Copy, from the material below, every line in which the word "American" can be found.

== RAW DATA ==

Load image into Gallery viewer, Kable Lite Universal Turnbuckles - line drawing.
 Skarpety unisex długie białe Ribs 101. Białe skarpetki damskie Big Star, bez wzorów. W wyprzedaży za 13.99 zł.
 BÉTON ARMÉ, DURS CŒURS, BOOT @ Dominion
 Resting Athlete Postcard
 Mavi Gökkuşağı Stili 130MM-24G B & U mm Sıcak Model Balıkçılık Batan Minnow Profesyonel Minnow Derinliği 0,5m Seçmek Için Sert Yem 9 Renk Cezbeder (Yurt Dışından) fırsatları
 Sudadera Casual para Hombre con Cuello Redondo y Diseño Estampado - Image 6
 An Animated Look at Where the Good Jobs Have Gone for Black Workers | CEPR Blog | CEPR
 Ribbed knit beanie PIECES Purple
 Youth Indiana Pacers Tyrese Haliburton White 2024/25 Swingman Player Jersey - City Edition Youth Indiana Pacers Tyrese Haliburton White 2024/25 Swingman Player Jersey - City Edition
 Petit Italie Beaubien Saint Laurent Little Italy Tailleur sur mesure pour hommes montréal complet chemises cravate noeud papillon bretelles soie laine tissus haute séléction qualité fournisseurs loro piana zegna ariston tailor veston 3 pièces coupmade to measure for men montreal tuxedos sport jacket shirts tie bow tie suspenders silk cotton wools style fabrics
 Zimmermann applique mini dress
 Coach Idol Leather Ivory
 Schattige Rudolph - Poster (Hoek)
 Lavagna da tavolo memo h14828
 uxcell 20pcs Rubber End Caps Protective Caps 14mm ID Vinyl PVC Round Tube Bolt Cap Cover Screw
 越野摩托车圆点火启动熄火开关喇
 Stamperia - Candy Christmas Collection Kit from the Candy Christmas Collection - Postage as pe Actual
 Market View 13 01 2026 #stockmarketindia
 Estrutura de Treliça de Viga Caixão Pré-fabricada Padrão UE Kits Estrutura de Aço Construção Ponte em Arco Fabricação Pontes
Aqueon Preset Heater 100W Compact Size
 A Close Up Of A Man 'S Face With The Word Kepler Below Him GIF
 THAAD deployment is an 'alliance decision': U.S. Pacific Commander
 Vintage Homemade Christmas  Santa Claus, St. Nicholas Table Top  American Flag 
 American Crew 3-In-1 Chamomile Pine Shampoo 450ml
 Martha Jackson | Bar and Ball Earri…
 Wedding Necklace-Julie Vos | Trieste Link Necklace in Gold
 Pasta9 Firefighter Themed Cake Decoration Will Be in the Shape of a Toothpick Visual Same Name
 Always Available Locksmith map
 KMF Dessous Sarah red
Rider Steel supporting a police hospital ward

===

TASK SOLUTION:
 Vintage Homemade Christmas  Santa Claus, St. Nicholas Table Top  American Flag 
 American Crew 3-In-1 Chamomile Pine Shampoo 450ml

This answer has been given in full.